The information collected through a BIM process and stored in a BIM-compliant database could be beneficial for a variety of FM practices, such as commissioning and closeout, quality control and assurance, energy management, maintenance and repair, and space management. However, the building information needs to be integrated or compatible with the FM information systems, such as computerized maintenance management systems (CMMS), electronic document management systems (EDMS), energy management systems (EMS), and building automation systems (BAS). Although these FM information systems support FM practices individually, required data is fragmented between the systems; even worse, the data is entered manually after the hand over of a building, which is a laborious and inefficient process. Building information modeling promises to get initial data to FM systems and also support and enhance other functions of FM through its advanced visualization and analysis capabilities. The use of BIM during the design and construction stages has received tremendous attention from the research and the professional communities. Researchers have focused on BIM-enabled design (Eastman et al. 2008; Khanzode et al. 2008; Khemlani 2009), automated cost estimation (Eastman et al. 2008; Kiziltas and Akinci 2010), visualization of process status (Babic et al. 2010; Sacks et al. 2009, 2010b), and virtual prototyping (Eastman et al. 2008). Maintenance of information using BIM has also been one of the most commonly researched areas (Hwang and Liu 2010; Lu and Korman 2010; Singh et al. 2011; Tatum and Korman 2000). Meanwhile, BIM implementations have also been extended to maintainability checking (Dehlin and Olofsson 2008; Eastman et al. 2008; Leite et al. 2009). Recently, with the growing interest in and the impact of sustainable practices, the use of BIM in energy analysis (Cho et al. 2010; Stumpf et al. 2009) and sustainability (Arayici et al. 2011; Barnes and Castro-Lacouture 2009; Cho et al. 2010; Sacks et al. 2010a, b) has been central in research and practice.
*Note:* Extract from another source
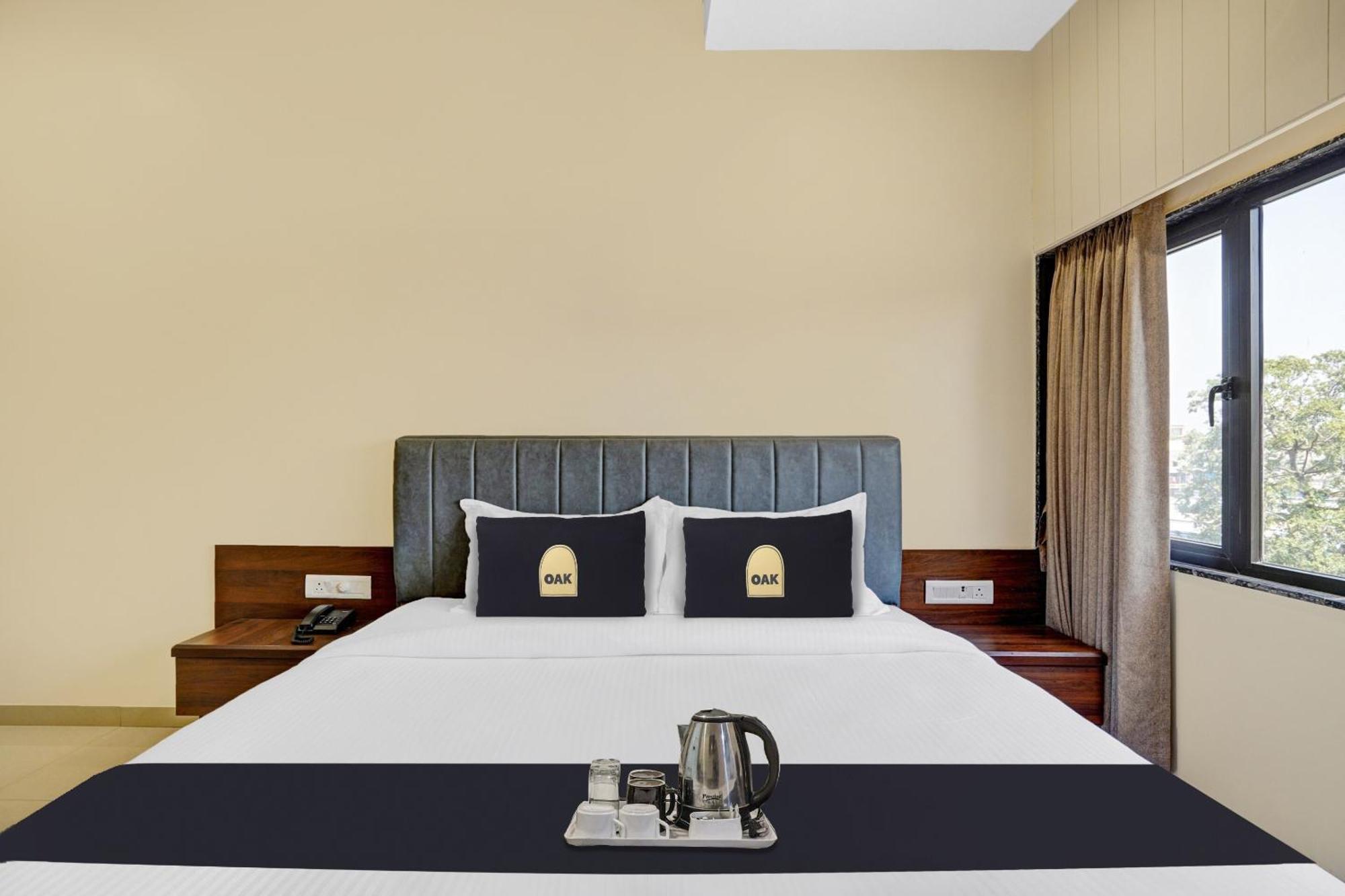 Clubhouse Hotel Raajpath Вадодара Екстер'єр фото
Although there is agreement about BIMrsquo;s potential applicability and benefits in the FM stage, and there are some pioneering FM organizations pushing the use of BIM for this, it is still unclear how BIM could be used and what the requirements arefor successful BIM implementations in FM. This paper aims to understand the level of industry interest in implementing BIM in building operations and maintenance, and identifies potential application areas and preliminary data and process requirements to support successful BIM implementations. The paper argues that a BIM model needs to be seen as an individual building asset and it introduces a novel data structure for nongeometric data requirements for BIM models to be used during FM. The subsequent sections of this paper describe the objectives, motivation, and methodology of the research, and they outline the current status of BIM implementation in FM, introduce the application areas for leveraging BIM in FM, and establish the data requirements for BIM-enabled FM.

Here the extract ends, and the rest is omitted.